*WORK INSTRUCTIONS*. When the listing below reaches the line that has "Used 2023 Nissan", start reproducing exactly; stop after the line that has "37 Lansdown Ave, Oromocto, NB", and drop the pictures.

*SUPPLIED MATERIAL*.
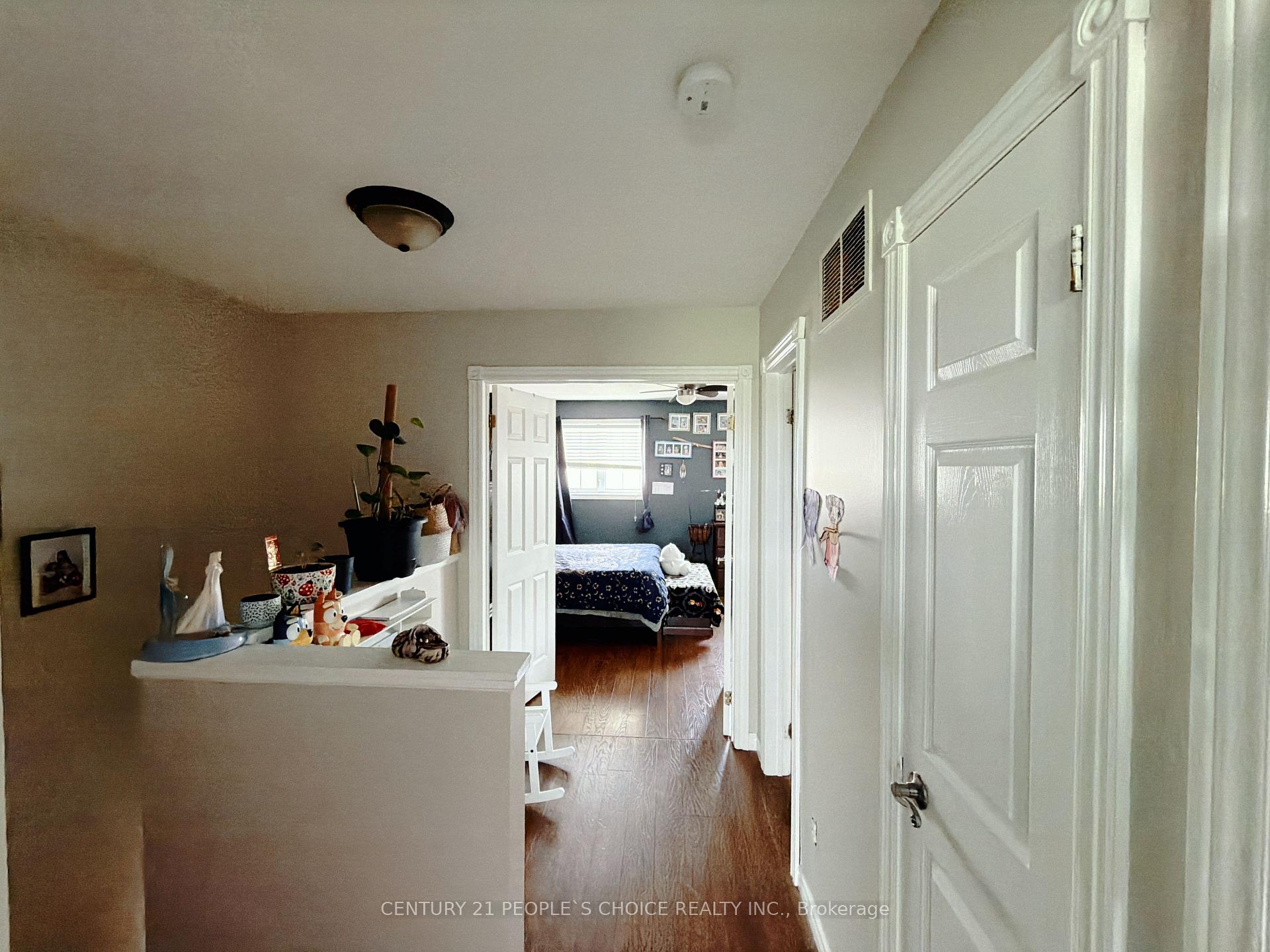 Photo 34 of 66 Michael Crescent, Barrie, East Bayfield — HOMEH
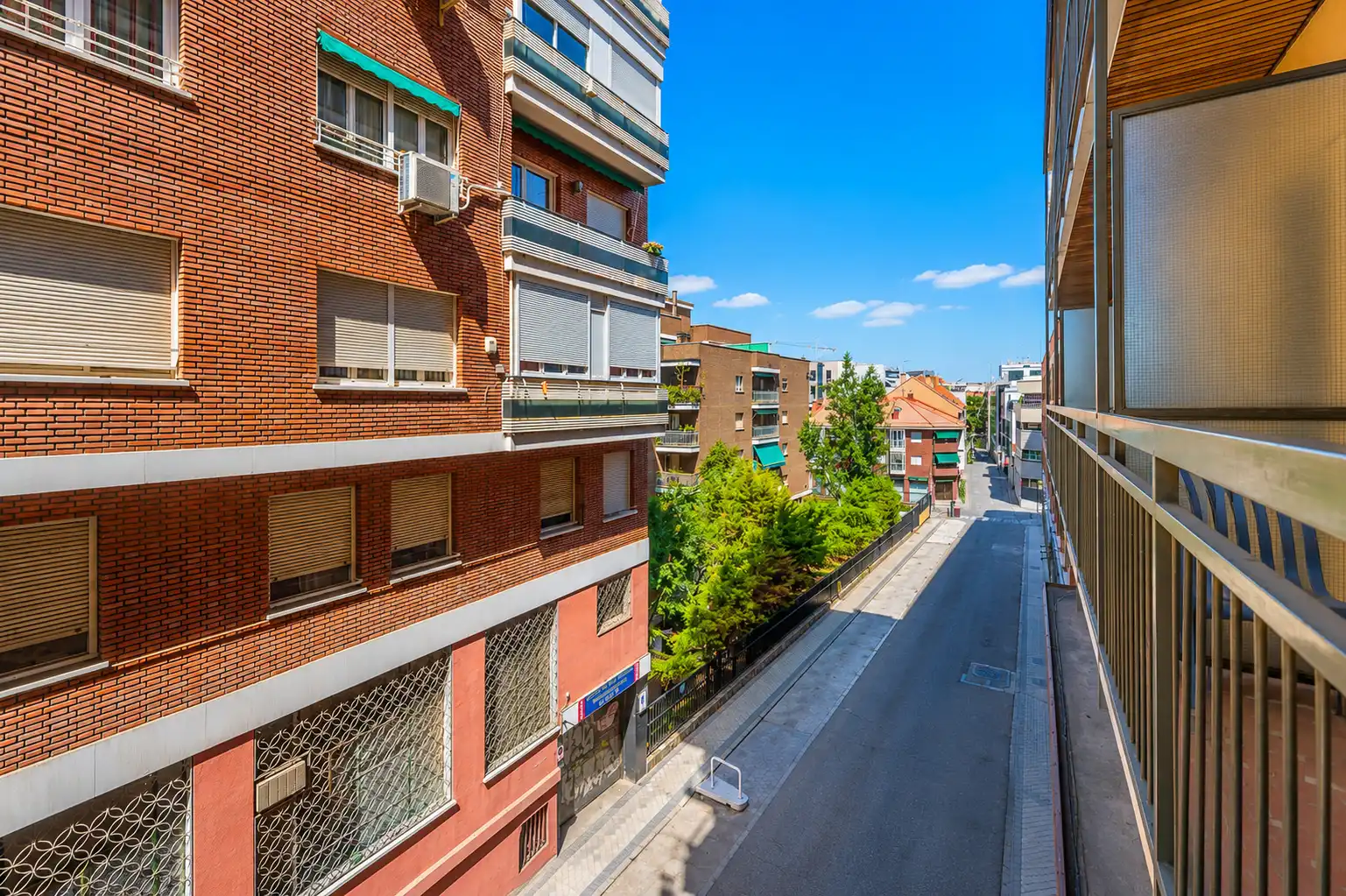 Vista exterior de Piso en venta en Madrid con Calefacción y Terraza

...

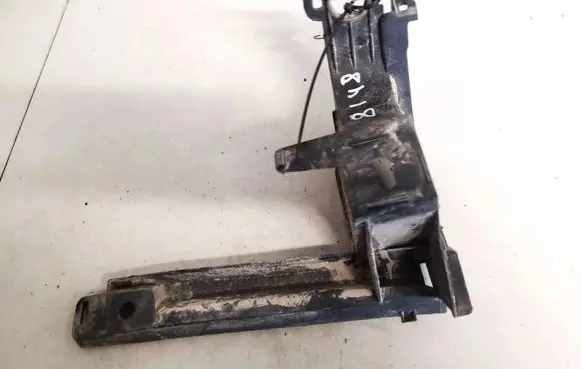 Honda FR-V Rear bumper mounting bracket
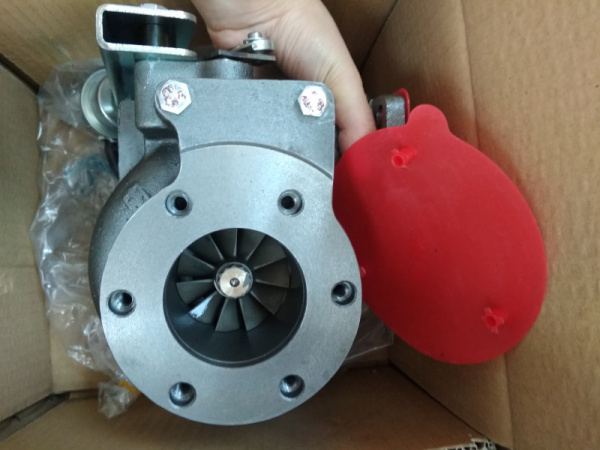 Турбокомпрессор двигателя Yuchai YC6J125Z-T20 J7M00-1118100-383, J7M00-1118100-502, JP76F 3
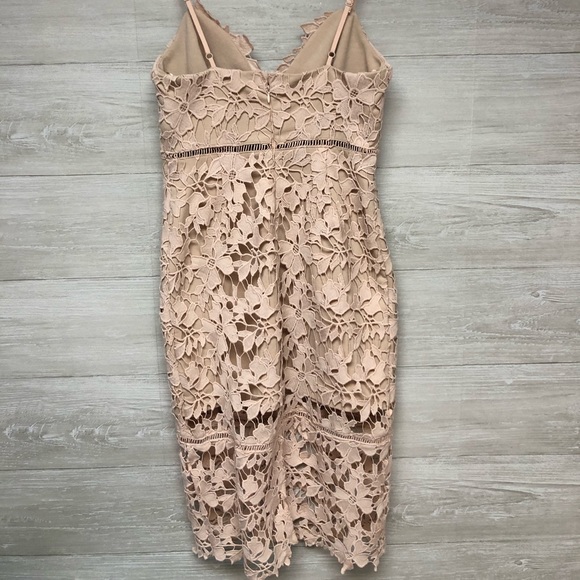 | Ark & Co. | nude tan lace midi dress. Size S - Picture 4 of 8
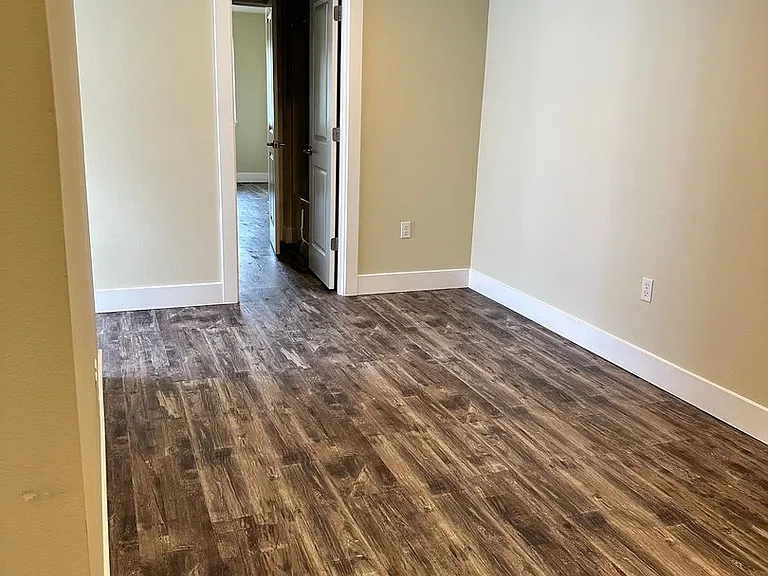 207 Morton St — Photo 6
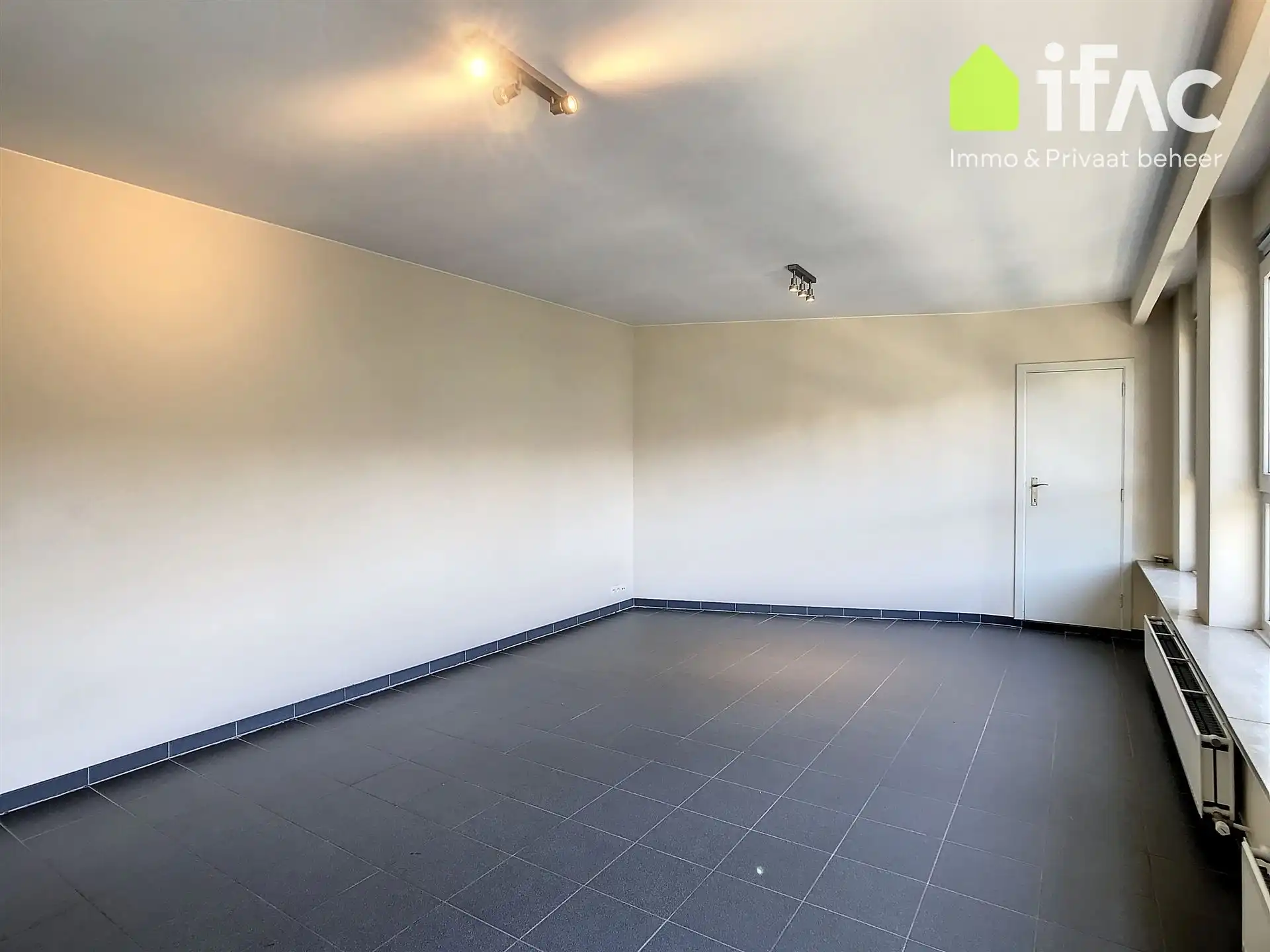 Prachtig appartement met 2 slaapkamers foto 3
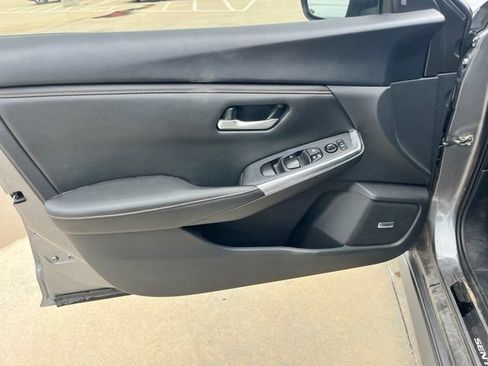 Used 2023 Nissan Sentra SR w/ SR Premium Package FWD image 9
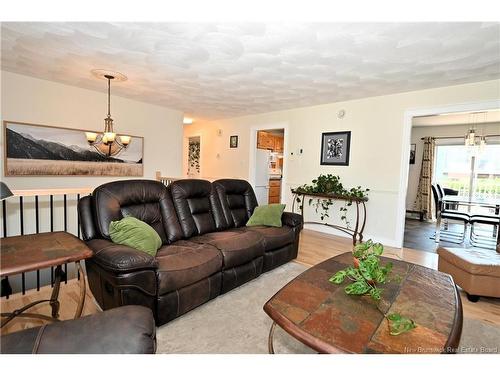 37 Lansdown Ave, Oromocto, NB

* * *

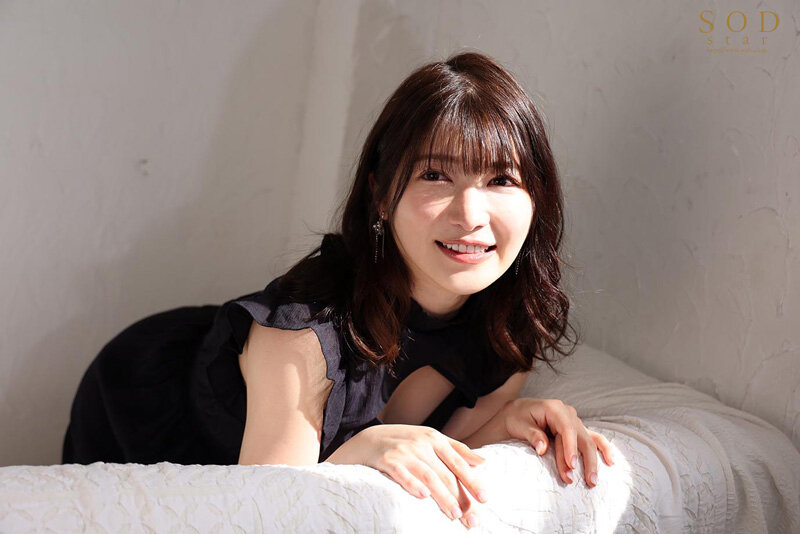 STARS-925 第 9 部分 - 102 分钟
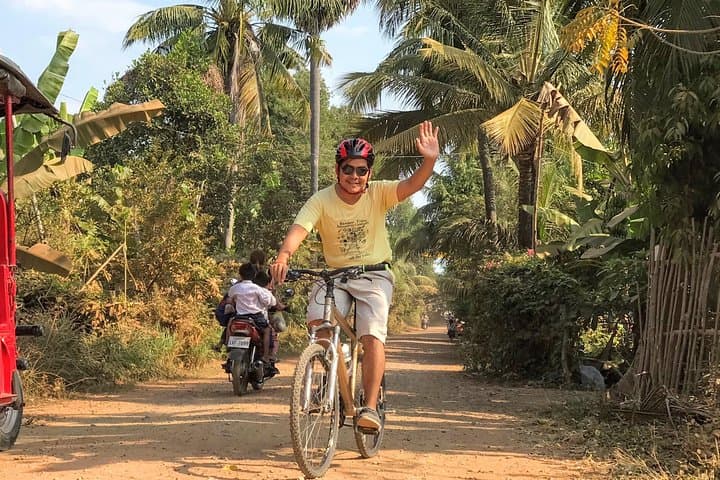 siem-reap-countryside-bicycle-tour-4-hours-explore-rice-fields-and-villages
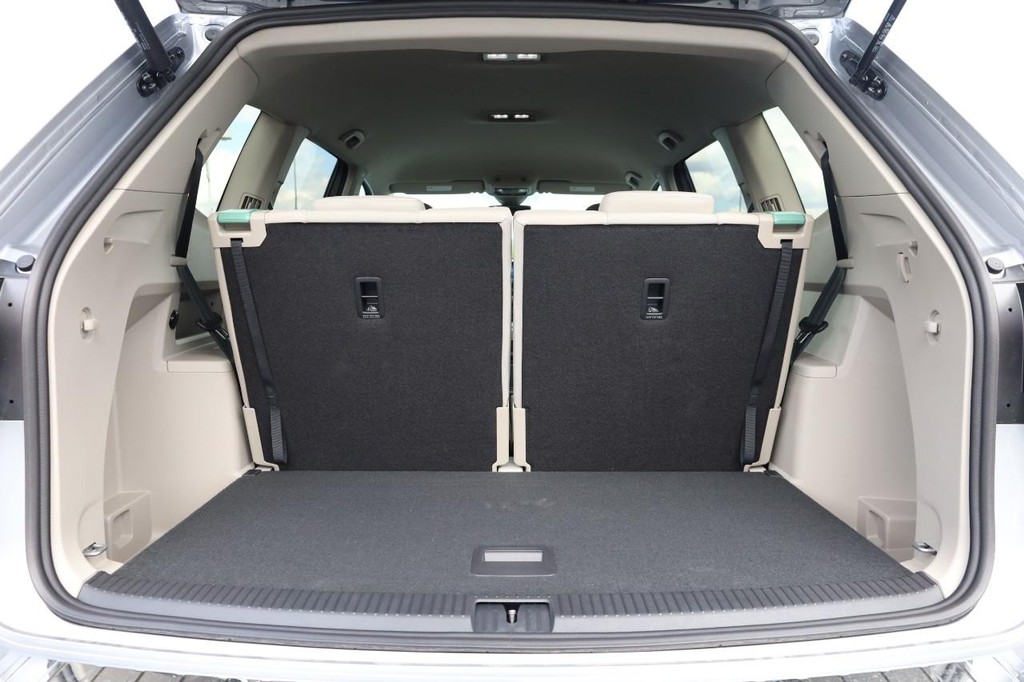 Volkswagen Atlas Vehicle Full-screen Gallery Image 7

*SOLVED PROBLEM*.
 Used 2023 Nissan Sentra SR w/ SR Premium Package FWD image 9
 37 Lansdown Ave, Oromocto, NB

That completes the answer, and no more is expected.